Duke Realty Corp. (DRE) is an office real-estate investment trust (REIT) with a $3.10 billion market cap. It pays a 5.55% dividend yield and has 91.85% institutional ownership. DRE carries an analyst recommendation of 2.10 on a scale in which 1.0 means “Strong Buy” and 5.0 indicates “Sell”. It recently traded at $12.25 a share. David Dreman’s Dreman Value Management had $30.87 million invested in DRE at the end of September. Ken Griffin’s Citadel Investment Group also upped its holding in the company during the third quarter.

Liberty Property Trust (LRY) is an office real-estate investment trust (REIT) with a $3.67 billion market cap. It pays a 6.00% dividend yield and has 99.58% institutional ownership. LRY carries an analyst recommendation of 2.80 on a scale in which 1.0 means “Strong Buy” and 5.0 indicates “Sell”. It recently traded at $31.66 a share. Jim Simons’ Renaissance Technologies had $7.01 million in LRY after increasing its position in the company by +88% in the third quarter. Israel Englander’s Millennium Management and Cliff Asness’ AQR Capital Management also held significant positions in LRY during the third quarter.

National Retail Properties, Inc. (NNN) is a diversified real-estate investment trust (REIT) with a $2.81 billion market cap. It pays a 5.73% dividend yield and has 89.31% institutional ownership. NNN carries an analyst recommendation of 2.50 on a scale in which 1.0 means “Strong Buy” and 5.0 indicates “Sell”. It recently traded at $26.86 a share. Ken Fisher’s Fisher Asset Management had $30.58 million in NNN at the end of the third quarter, while Chuck Royce’s Royce & Associates had $17.47 million in the company at the end of September.

Omega Healthcare Investors, Inc. (OHI) is a healthcare facilities real-estate investment trust (REIT) with a $2.03 billion market cap. It pays a 8.13% dividend yield and has 93.72% institutional ownership. OHI carries an analyst recommendation of 2.10 on a scale in which 1.0 means “Strong Buy” and 5.0 indicates “Sell”. It recently traded at $19.68 a share. David Dreman’s Dreman Value Management had $29.77 million invested in OHI at the end of September after increasing its stake in the company by +4% during the third quarter, while David Abrams’ Abrams Capital Management and Israel Englander’s Millennium Management initiated new positions.

Pitney Bowes, Inc. (PBI) is a business equipment company with a $3.79 billion market cap. It pays a 7.80% dividend yield and has 88.96% institutional ownership. PBI carries an analyst recommendation of 2.80 on a scale in which 1.0 means “Strong Buy” and 5.0 indicates “Sell”. It recently traded at $18.98 a share. Cliff Asness’ AQR Capital Management upped its stake in PBI during the third quarter by +95% to end September with $6.31 million invested in the company. David Dreman’s Dreman Value Management also upped its position.

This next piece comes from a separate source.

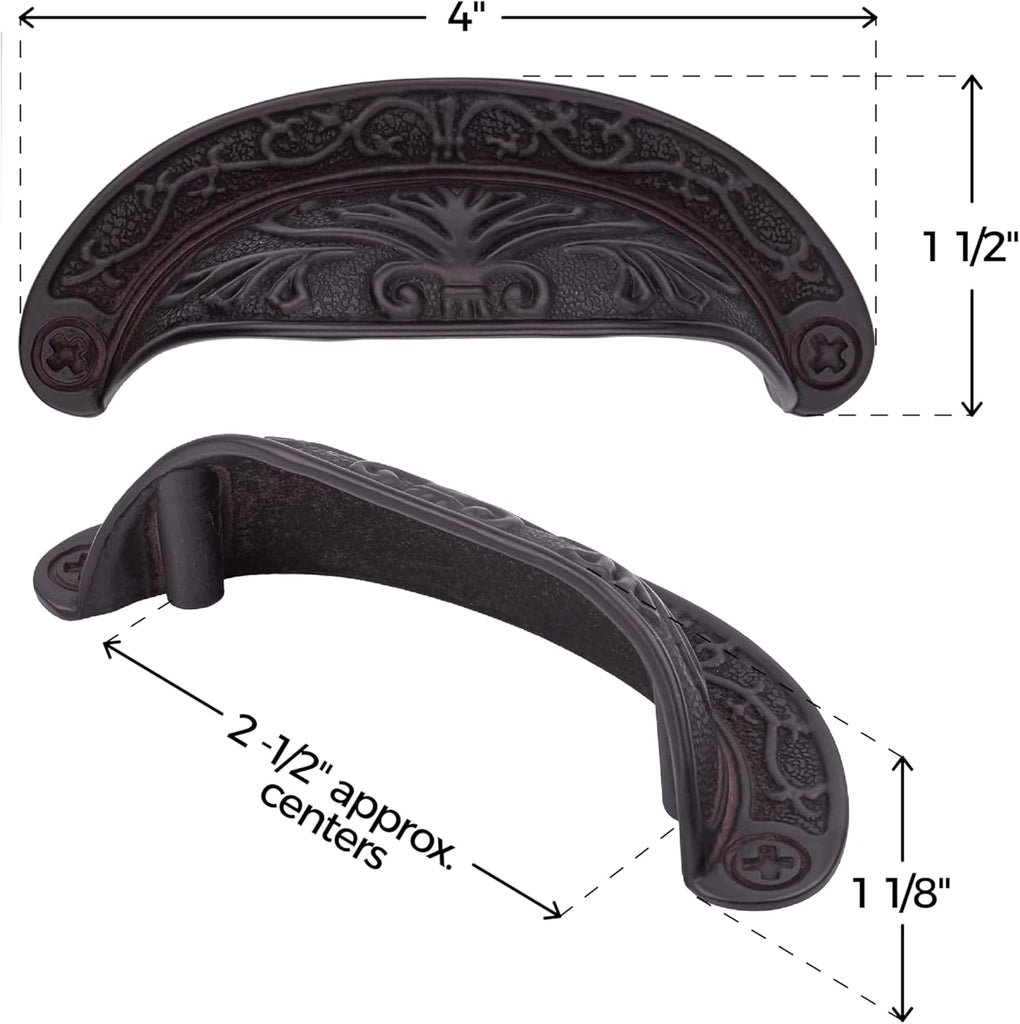 Oil Rubbed Bronze Baroque Scroll Work Cup Pull - Centers: 2 1/2" - Antique Cabinet, Vintage Cupboard, Old Desk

R.R. Donnelley & Sons Company (RRD) is a business services company with a $2.82 billion market cap. It pays a 6.93% dividend yield and has 89.40% institutional ownership. RRD carries an analyst recommendation of 2.20 on a scale in which 1.0 means “Strong Buy” and 5.0 indicates “Sell”. It recently traded at $15.00 a share. Ron Gutfleish’s Elm Ridge Capital boosted its stake in RRD by +20% during the third quarter, bringing its total position in the company to $89.93 million. Larry Robbins’ Glenview Capital is also a fan.